# Early B-Day Present!!!



## fuente~fuente (May 11, 2009)

Well the wifey decided to give me a few early gifts for my birthday tonight... Uhhh... Well actually it is my B-Day, now that it's technically 10/28 as I post this.:tongue1: Thought I'd share pics of them with some BOTL who will appreciate her gesture.:smoke:

In my bag:
Opus X Double Corona
Cigar Family Charitable Foundation Coffin w/Opus X & Diamond Crown
Zino Crown Series 2009
DPG Ashtray


























Before I got home, a good friend gifted me this beauty!










I thought she did a pretty dang good job if I don't say so myself!!! To top it off, I'm getting an S.T. Dupont X-tend lighter to match my Dupont cutter!!!
It's been a good B-Day so far!!!:drinking:


----------



## Bakoux (Oct 8, 2009)

Happy B-day dude!! Great looking presents!


----------



## JCK (Nov 9, 2006)

Happy B-day Jason! It looks like your wife knows how to shop for your b-day. Enjoy the cigar and the smokes!


----------



## smelvis (Sep 7, 2009)

Very Nice. Good Wife to have!


----------



## commonsenseman (Apr 18, 2008)

Very nice gift from the wife! Now, do you think you could talk to mine?

Happy Birthday!


----------



## iRace559 (Aug 27, 2009)

Happy Birthday man!

You sure did pick a winner!


----------



## R10 (Oct 4, 2009)

Happy Birthday! And a NICE Birthday present!
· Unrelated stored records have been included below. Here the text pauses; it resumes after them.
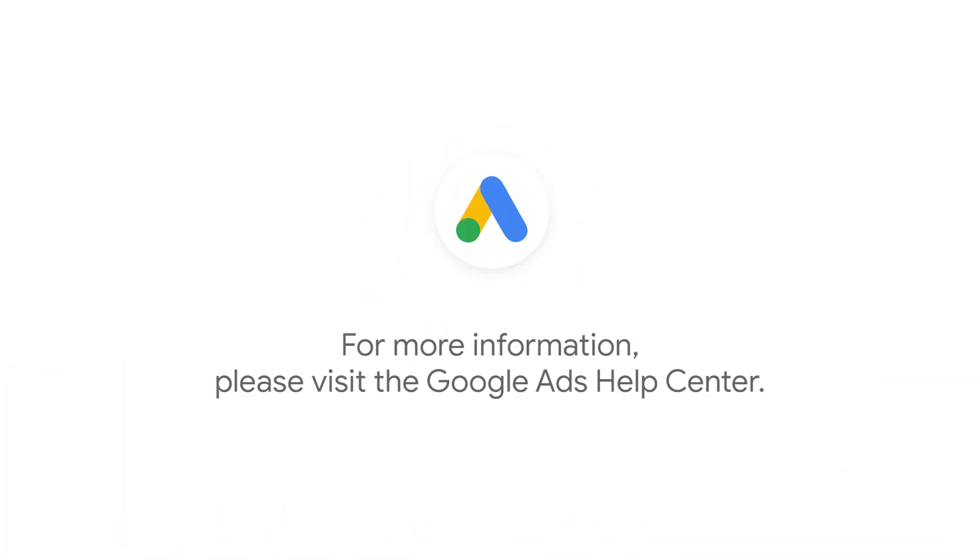For more step-by-step videos on Google Ads implementation and optimization, check out Google Ads tutorials on the Google Ads channel. If you have any questions or for more information, please visit Google Ads help.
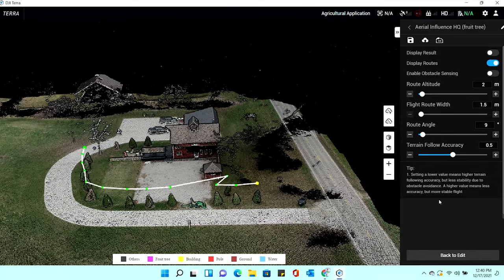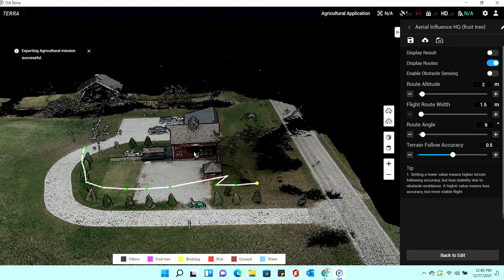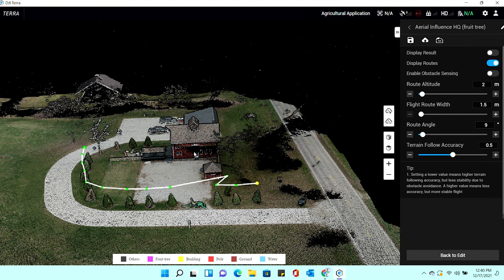Same thing here — we're going to save this mission and export it to our SD card. Now we've exported it and we're basically ready for video three, which we'll be putting out soon — hopefully without any more 60-mile-an-hour winds. We've finished part two, covering Fruit Tree mode and Field mode. In part three you're going to see how the Agras T10 actually sprays the missions we've created. Stay tuned and thanks again.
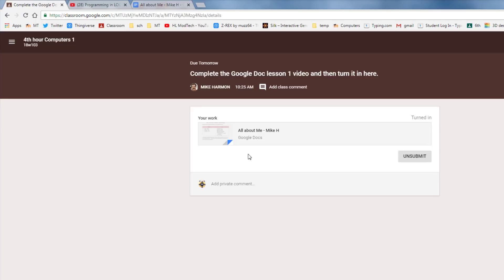Great job completing lesson one and now you can look for the exploration training which will be in our classroom stream.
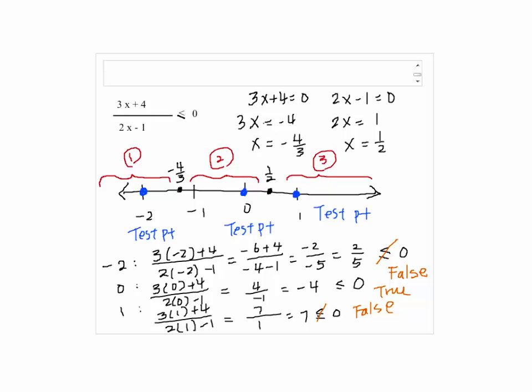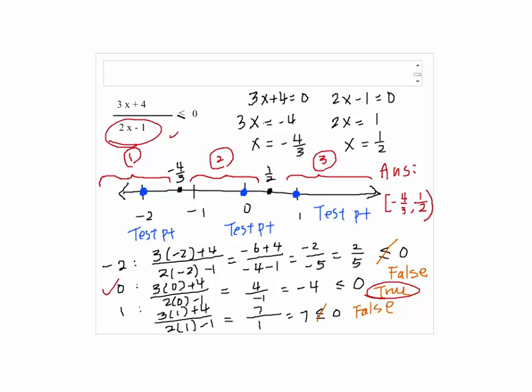So the answer falls within the second interval. Our answer will be from negative 4 thirds to 1 half, but 1 half should not be included because that will make the expression undefined.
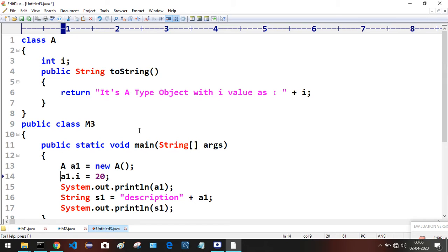Let's observe the output. This toString — we already know it is one of the 11 methods available in the Object class. We have overridden it in Class A according to our requirement, which is to return the content rather than the address of the object.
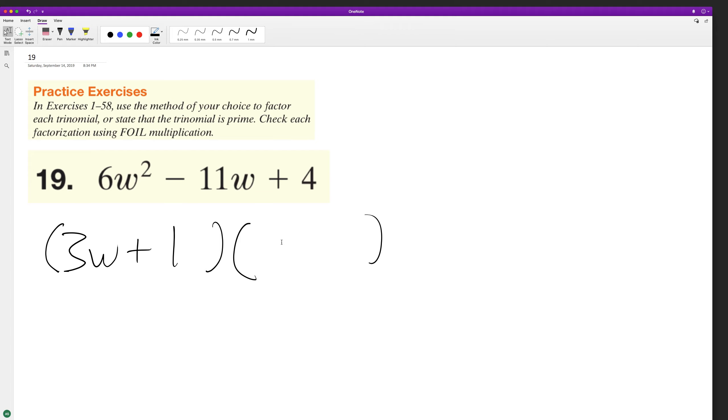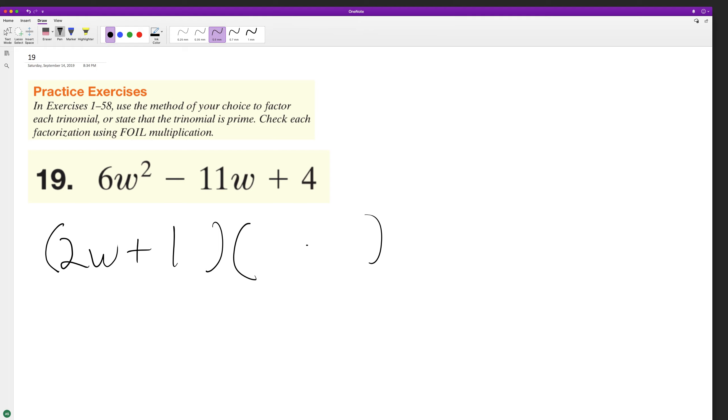3w, 2 and 4. All right, so we'll actually have a 2. This will be 3.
Enjoy the day!


----------



## jessejava187 (Aug 25, 2009)

Happy B-day, Your wife is cool


----------



## Rubix^3 (Nov 10, 2008)

Amazing.


----------



## ekengland07 (May 20, 2009)

Nice work. Happy Birthday!


----------



## ROB968323 (Aug 27, 2008)

Some heavy hitters for sure. Nice pics....happy birthday.


----------



## JGD (Mar 2, 2009)

Happy Birthday! That's one great present!


----------



## Jumes (Jul 29, 2009)

Congrats, and I'm with Commonsense man. My birthday is Nov 24th. Could you have your wife talk to my wife? :gossip:


----------



## Scott W. (Jul 10, 2008)

Happy Birthday Jason, enjoy!


----------



## mc2712 (Mar 14, 2008)

Great gift, Happy Birthday!


----------



## Magicseven (Oct 17, 2009)

Happy birthday, very nice.


----------



## mlbar1153 (Mar 4, 2009)

Very nice present. She is a keeper.


----------



## InvokeMe (Aug 21, 2009)

Happy B-Day. Nice!


----------



## Amlique (Sep 9, 2009)

Suuuweet!


----------



## holmes711 (Jun 1, 2009)

Happy Birthday Brother! Enjoy those awesome cigars.


----------



## fuente~fuente (May 11, 2009)

Thanks guys!!! I really appreciate it...

Yeah... I know she's a keeper.:lol: She actually is pretty easy going on me, as far as my stogie addiction is concerened.:tongue1: She knows it's "my thing", & respects that. I do however get some dirty looks whenever I get out of hand with some of my purchases!:lol:


----------



## eyesack (Jul 19, 2009)

Wow! Happy Birthday Jason!!!! You have an awesome wife, too, if I might add! I wish my gf supported my cigar hobby! =( ahaha!


----------